■ **WORK REQUEST**: Every line of the listing below is to be repeated exactly; the pictures stay out.

■ **SUPPLIED MATERIAL**:
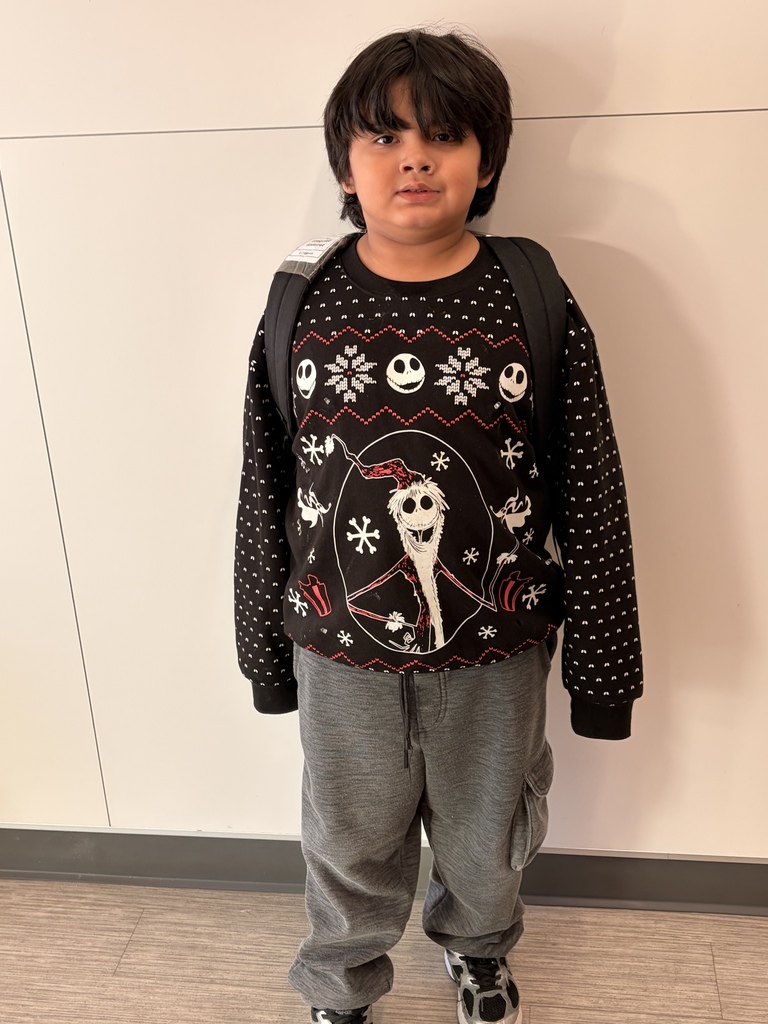 Child wearing Christmas Ugly sweaters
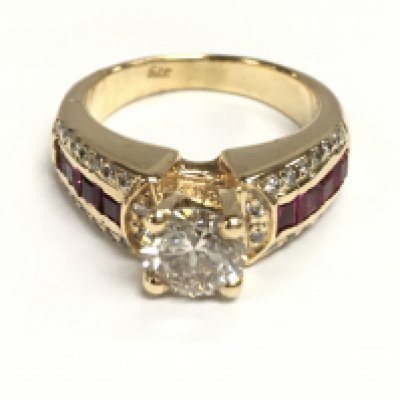 9ct gold ring set with a raised central diamond with further diamonds and red stones on the shoulders. Central diamonds 1.01ct and other diamonds Approx 0.09ct Size M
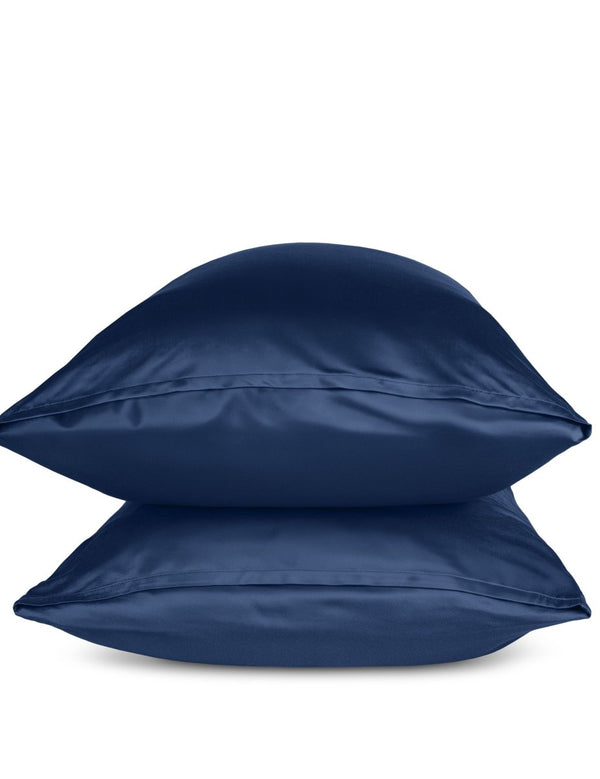 Two blue pillows stacked on a white background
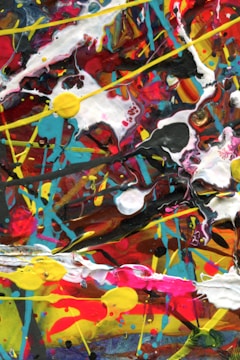 An abstract composition featuring bold, swirling patterns and chaotic splashes of color. The vibrant colors blend and intersect with various shapes and textures, creating a dynamic and energetic visual impact.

■ **WRITTEN ANSWER**:
 Child wearing Christmas Ugly sweaters
 9ct gold ring set with a raised central diamond with further diamonds and red stones on the shoulders. Central diamonds 1.01ct and other diamonds Approx 0.09ct Size M
 Two blue pillows stacked on a white background
 An abstract composition featuring bold, swirling patterns and chaotic splashes of color. The vibrant colors blend and intersect with various shapes and textures, creating a dynamic and energetic visual impact.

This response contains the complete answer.